No existen palabras para expresar la alegría de encontrarme con vosotros para
celebrar esta solemne Eucaristía, con ocasión de la apertura de la Quinta
Conferencia General del Episcopado Latinoamericano y del Caribe. A todos saludo
con mucha cordialidad, de modo particular al arzobispo de Aparecida, monseñor
Raymundo Damasceno Assis, agradeciendo las palabras que me fueron dirigidas en
nombre de toda la asamblea, y a los cardenales presidentes de esta Conferencia
General.
Saludo con deferencia a las autoridades civiles y militares que nos honran con
su presencia. Desde este Santuario extiendo mi pensamiento, con mucho afecto y
oración, a todos aquéllos que se nos unen espiritualmente en este día, de modo
especial a las comunidades de vida consagrada, a los jóvenes comprometidos en
movimientos y asociaciones, a las familias, bien como a los enfermos y a los
ancianos. A todos les quiero decir: «Gracia y paz de parte de Dios, nuestro
Padre, y de parte del Señor Jesucristo» (1Cor 1,13).

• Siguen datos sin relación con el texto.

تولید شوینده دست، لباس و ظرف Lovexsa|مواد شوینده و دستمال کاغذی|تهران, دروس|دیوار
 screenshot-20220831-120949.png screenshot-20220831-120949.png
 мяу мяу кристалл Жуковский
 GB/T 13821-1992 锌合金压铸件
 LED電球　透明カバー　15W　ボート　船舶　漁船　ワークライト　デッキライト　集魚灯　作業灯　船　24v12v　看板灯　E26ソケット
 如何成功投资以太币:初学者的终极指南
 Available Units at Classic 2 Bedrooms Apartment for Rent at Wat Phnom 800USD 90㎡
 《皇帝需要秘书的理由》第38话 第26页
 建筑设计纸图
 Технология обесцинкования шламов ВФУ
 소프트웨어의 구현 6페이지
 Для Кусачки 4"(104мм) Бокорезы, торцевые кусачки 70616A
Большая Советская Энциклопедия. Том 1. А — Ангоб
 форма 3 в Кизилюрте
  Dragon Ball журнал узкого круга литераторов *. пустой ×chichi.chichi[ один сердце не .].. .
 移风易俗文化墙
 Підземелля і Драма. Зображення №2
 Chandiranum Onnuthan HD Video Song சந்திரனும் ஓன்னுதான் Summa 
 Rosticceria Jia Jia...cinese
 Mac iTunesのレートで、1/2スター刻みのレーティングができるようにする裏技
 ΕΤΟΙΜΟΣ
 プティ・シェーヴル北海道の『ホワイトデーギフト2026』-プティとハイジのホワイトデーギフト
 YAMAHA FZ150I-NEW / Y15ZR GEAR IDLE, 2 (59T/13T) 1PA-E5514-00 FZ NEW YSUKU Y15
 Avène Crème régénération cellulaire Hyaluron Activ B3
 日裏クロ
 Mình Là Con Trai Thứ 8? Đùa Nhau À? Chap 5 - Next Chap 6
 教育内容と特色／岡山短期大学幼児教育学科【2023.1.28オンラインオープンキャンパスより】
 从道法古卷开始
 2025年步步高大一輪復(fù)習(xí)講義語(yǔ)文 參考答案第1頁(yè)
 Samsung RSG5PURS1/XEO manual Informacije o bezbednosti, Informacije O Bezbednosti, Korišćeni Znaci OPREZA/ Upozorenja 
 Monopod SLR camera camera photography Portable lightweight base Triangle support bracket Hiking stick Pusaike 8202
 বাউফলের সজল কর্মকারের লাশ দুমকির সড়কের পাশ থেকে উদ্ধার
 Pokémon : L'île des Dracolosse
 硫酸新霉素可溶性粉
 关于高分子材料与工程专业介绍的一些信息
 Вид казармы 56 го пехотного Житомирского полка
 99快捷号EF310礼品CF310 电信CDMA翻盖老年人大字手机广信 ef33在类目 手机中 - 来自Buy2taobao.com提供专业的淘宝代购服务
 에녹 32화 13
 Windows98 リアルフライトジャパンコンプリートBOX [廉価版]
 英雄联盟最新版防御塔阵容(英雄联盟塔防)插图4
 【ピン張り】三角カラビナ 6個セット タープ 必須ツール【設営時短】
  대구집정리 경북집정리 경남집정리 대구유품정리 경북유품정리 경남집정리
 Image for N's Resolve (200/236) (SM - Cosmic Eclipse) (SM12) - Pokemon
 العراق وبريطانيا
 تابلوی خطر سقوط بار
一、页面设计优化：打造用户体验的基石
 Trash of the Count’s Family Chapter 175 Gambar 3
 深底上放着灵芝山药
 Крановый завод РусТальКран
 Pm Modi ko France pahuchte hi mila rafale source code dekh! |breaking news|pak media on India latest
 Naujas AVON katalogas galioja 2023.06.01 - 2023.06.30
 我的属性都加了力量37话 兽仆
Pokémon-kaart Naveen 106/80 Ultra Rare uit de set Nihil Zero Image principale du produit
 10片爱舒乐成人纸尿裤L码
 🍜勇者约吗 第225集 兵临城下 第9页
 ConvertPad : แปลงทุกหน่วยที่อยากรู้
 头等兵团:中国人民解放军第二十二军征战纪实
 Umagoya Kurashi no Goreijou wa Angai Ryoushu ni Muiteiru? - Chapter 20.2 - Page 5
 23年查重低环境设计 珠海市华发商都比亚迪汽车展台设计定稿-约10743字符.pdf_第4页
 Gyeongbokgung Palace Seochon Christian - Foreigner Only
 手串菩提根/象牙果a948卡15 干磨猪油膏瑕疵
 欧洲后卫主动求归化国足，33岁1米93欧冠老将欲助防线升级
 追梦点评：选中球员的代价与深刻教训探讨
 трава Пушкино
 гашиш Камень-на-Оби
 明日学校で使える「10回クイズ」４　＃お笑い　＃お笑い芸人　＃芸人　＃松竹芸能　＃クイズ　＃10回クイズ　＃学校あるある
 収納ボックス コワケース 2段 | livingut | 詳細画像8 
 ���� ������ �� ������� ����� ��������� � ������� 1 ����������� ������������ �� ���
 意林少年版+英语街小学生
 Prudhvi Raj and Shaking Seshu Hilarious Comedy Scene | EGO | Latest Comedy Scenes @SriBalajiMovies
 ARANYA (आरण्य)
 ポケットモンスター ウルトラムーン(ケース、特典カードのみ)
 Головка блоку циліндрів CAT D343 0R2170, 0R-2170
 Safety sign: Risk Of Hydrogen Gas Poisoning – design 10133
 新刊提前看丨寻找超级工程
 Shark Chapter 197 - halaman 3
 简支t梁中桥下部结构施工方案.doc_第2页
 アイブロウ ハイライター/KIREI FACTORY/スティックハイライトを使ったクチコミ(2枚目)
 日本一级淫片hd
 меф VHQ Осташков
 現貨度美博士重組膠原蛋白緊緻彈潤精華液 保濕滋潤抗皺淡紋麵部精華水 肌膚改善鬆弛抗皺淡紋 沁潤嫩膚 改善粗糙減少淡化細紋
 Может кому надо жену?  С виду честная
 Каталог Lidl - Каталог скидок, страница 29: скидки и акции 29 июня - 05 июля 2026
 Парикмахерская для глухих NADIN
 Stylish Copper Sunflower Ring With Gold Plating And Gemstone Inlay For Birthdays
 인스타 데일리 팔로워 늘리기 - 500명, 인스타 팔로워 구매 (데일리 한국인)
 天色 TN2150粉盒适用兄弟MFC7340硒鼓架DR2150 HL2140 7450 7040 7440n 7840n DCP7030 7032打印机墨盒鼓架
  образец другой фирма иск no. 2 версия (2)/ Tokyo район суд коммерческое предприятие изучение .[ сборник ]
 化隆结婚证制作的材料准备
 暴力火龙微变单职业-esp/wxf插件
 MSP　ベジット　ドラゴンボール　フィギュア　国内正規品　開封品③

Considero un don especial de la Providencia que esta Santa Misa sea celebrada
este tiempo y en este lugar. El tiempo es el litúrgico del sexto Domingo de
Pascua: está próxima la fiesta de Pentecostés, y la Iglesia es invitada a
intensificar la invocación al Espíritu Santo. El lugar es el Santuario nacional
de Nuestra Señora Aparecida, corazón mariano del Brasil: Maria nos acoge en este
Cenáculo y, como Madre y Maestra, nos ayuda a elevar a Dios una plegaria unánime
y confiada.
Esta celebración litúrgica constituye el fundamento más sólido de la V
Conferencia, porque pone en su base la oración y la Eucaristía, «Sacramentum
caritatis». En efecto, solo la caridad de Cristo, emanada por el Espíritu Santo,
puede hacer de esta reunión un auténtico acontecimiento eclesial, un momento de
gracia para este Continente y para el mundo entero.
Esta tarde tendré la posibilidad de entrar en el mérito de los contenidos
sugeridos por el tema de vuestra Conferencia. Demos ahora espacio a la Palabra
de Dios, que con alegría acogemos, con el corazón abierto y dócil, a ejemplo de
Maria, Nuestra Señora de la Concepción, a fin de que, por el poder del Espíritu
Santo, Cristo pueda nuevamente «hacerse carne» en el hoy de nuestra historia.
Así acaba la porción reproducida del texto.